She moved across from the doorway to a single armchair in matching leather and perched on the edge of it, facing Ryan.
‘The truth,’ he paused. ‘The truth is, I don’t know.’ He shrugged, turning his palms upwards as if offering her all that he had. ‘Ben paid, he always did.’
‘You must have questioned it, Ryan. Some part of you must have known that he couldn’t be paying for this out of his wages. Some armed forces guys at Ben’s grade are drawing income support. There’s no way he was paying for this from his salary.’
Ryan nodded; he knew.
‘Does he have a lot of debt?’
‘He did. But it all got cleared off a while back.’
Dan looked around the room. She shook her head, she couldn’t help herself.
‘When did he come into the money?’ she asked, already knowing the answer.
Ryan just nodded at her; he knew that she knew.
‘The Old Man, he got Ben drafted to Tenacity, right?’ asked Dan.
Ryan nodded again.
‘And that was when Ben’s debt cleared up and the spending started?’
Ryan nodded.
‘And Ben never said a word to you about it? Nothing, not pillow talk or a drunken slur, nothing?’

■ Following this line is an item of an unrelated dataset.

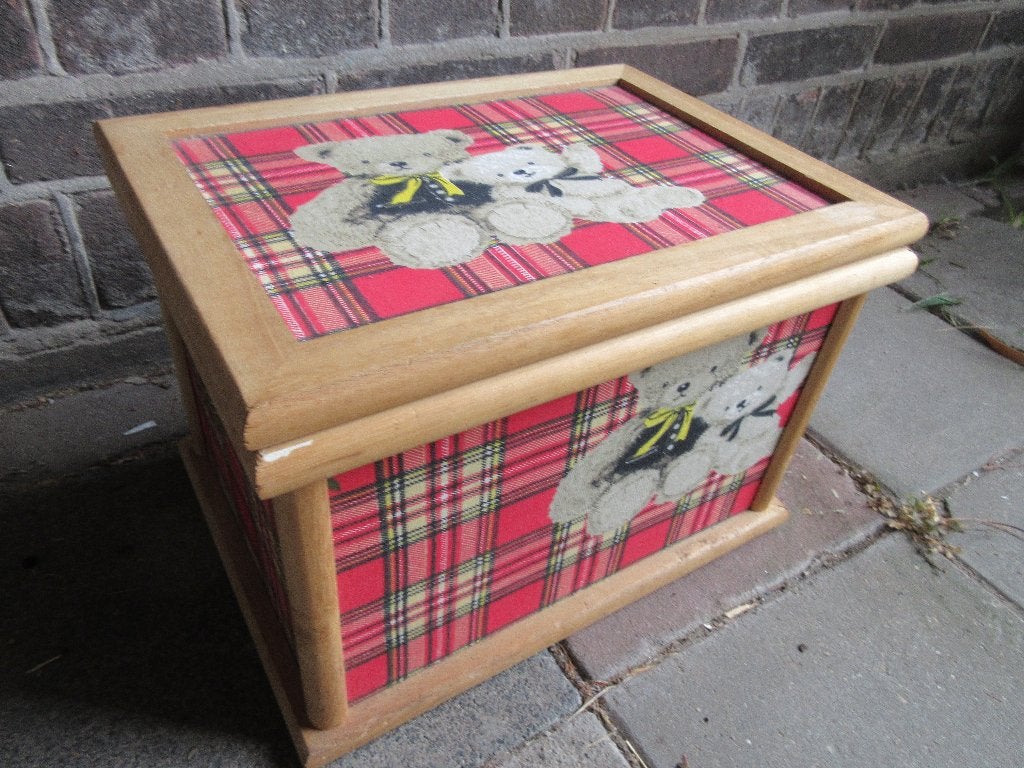 Houten kist kistje met beren, Huis en Inrichting, Woonaccessoires | Kisten, Ophalen of Verzenden, Gebruikt, Minder dan 50 cm, Minder dan 50 cm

Ryan looked her square in the eye, unflinching. ‘He never told me nothing and I didn’t ask.’
Dan stood up and took a deep breath.
‘Why did the Old Man draft Ben to Tenacity? Do you know?’
Ryan nodded. He looked as though he was pleased that he could answer the question. ‘The Old Man gets what he wants. Everyone knows it. He wants someone, he gets them, he wants to do a run ashore in Amsterdam, he gets it. That’s why the lads love him, ain’t it? Tenacity’s the luckiest boat in the flotilla.’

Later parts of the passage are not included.